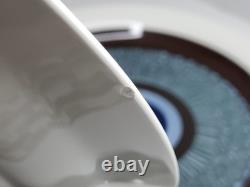 Set of 4 Rorstrand 10.5 inch Dinner Plates AMANDA by Christina Campbell 1970s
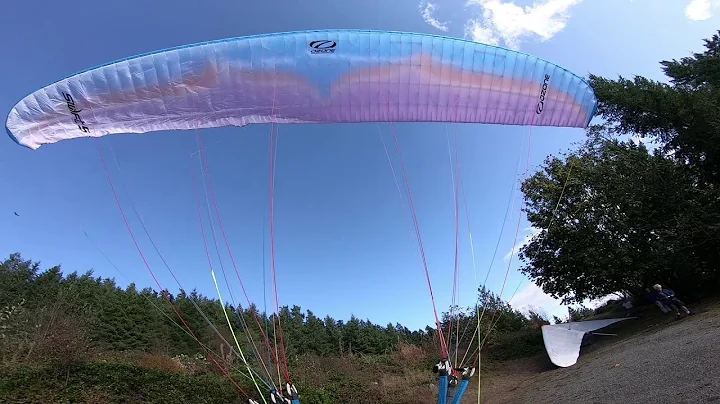 First Flight on the Ozone Swift 5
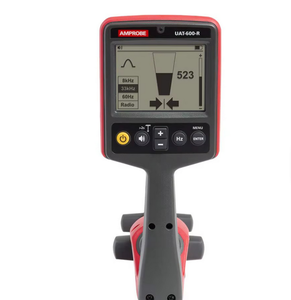 AM-PROBE 20 pieds pour la détection des services souterrains en profondeur maximale, mode direct et par induction, détection de signal audio 50/60 Hz - Product Image 1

Exercise brief:
Set down the whole listing exactly as given, except for the pictures.

Completed task:
 Set of 4 Rorstrand 10.5 inch Dinner Plates AMANDA by Christina Campbell 1970s
 First Flight on the Ozone Swift 5
 AM-PROBE 20 pieds pour la détection des services souterrains en profondeur maximale, mode direct et par induction, détection de signal audio 50/60 Hz - Product Image 1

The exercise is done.